Avec Sara Omi, en tant que mère et fille et membres de la Women's Global South Tenure and Climate Alliance (WiGSA), nous appelons à l'action en faveur des femmes et des filles autochtones, des peuples d'ascendance africaine et des communautés locales du Sud pour nous empêcher de continuer à être exclus des agendas climatiques mondiaux et des cadres réglementaires, comme ils l'ont fait avec notre communauté en 1975, lors de la construction de la centrale hydroélectrique et de notre déplacement de nos territoires ancestraux.

Notre participation à WiGSA est un effort pour récupérer ces espaces et assurer la résonance mondiale des voix des femmes autochtones, d'ascendance africaine et des communautés locales d'Asie, d'Afrique et d'Amérique latine. Ensemble, nous avons créé un Appel à l'action en septembre 2022, cherchant à réparer l'absence historique de financement direct pour les processus de conservation et de défense des territoires dirigés par des femmes. Cependant, l'appel à l'action de WiGSA va au-delà de la simple demande de financement : il exige une réelle participation et une autonomisation des femmes dans les processus de prise de décision.

Il est crucial de décentraliser les canaux de financement et de promouvoir un dialogue direct avec les femmes dirigeantes afin de comprendre et de relever les défis multiformes auxquels nous sommes confrontés, notamment la violence généralisée. En outre, refuser aux femmes un accès direct au financement perpétue les inégalités systémiques et sape nos efforts pour lutter contre la violence et parvenir au développement durable.

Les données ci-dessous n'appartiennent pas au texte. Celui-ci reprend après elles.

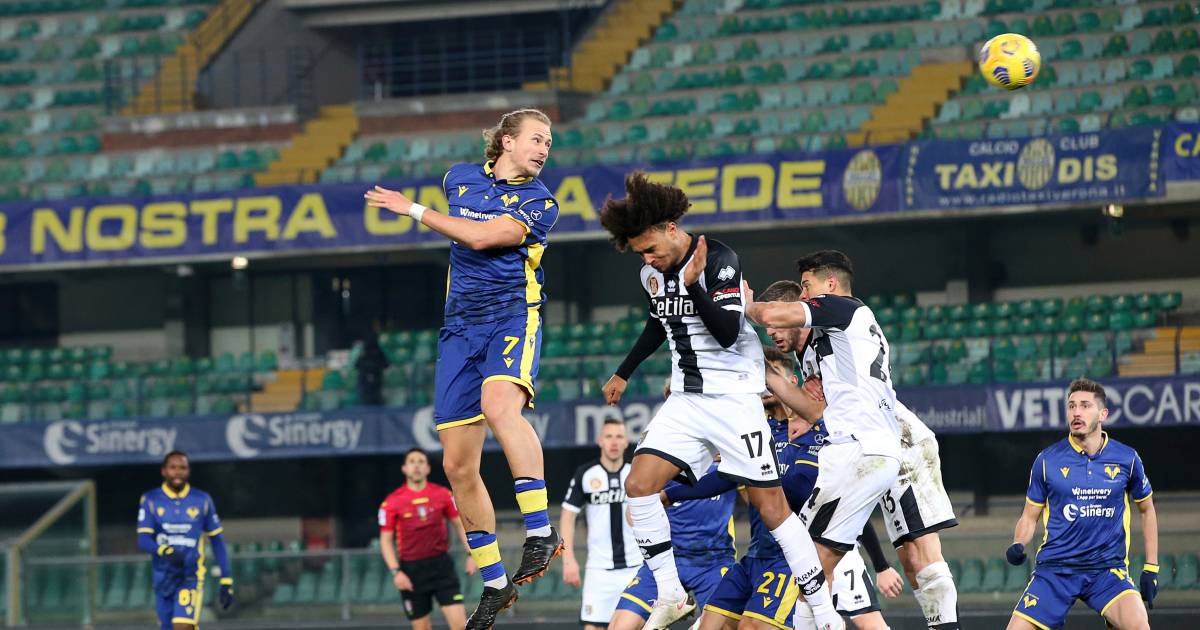 Bad Start For Zirkzee At Parma Knocked In The Air And Another Defeat Foreign Football Netherlands News Live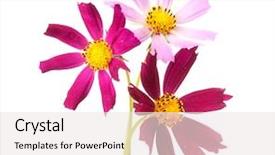  Presentation with cosmos - Presentation theme with pink daisys - cosmos flowers isolted on white background and a sky blue colored foreground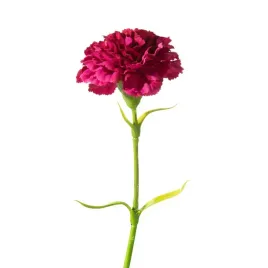 kwiat-sztuczny-natu-122-amarant-eurofirany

Le manque d’accès direct aux fonds est une forme de violence contre les femmes.

Dans les mois à venir, le monde participera à la COP16 de la Convention sur la diversité biologique en Colombie et à la réunion de la Convention sur le climat, COP29, en Azerbaïdjan, pour plaider en faveur de politiques de conservation et de changement climatique à l'appui de l'Agenda 2030. Nous invitons les décideurs politiques à reconnaître l’importance de travailler directement avec les femmes leaders des pays du Sud sur ces plateformes.

Un avenir durable est celui où les voix des femmes autochtones, d'ascendance africaine et des communautés locales sont non seulement entendues, mais font également partie intégrante de la mise en œuvre d'actions significatives en matière de conservation et de changement climatique.

Les gouvernements devraient donner la priorité à notre participation et à notre perspective, car les politiques conçues sans nous prendre en compte risquent de négliger nos besoins, de perpétuer les injustices et d’établir des solutions au changement climatique déconnectées des traditions ancestrales et de la nécessaire relation harmonieuse entre la nature et les communautés qui l’habitent. En outre, les gouvernements, les donateurs et la communauté internationale devraient augmenter et assurer le financement climatique direct de nos programmes en matière de droits. Ce n’est qu’alors que nous pourrons construire un avenir où les actions en matière de conservation et de lutte contre le changement climatique seront justes et inclusives pour tous.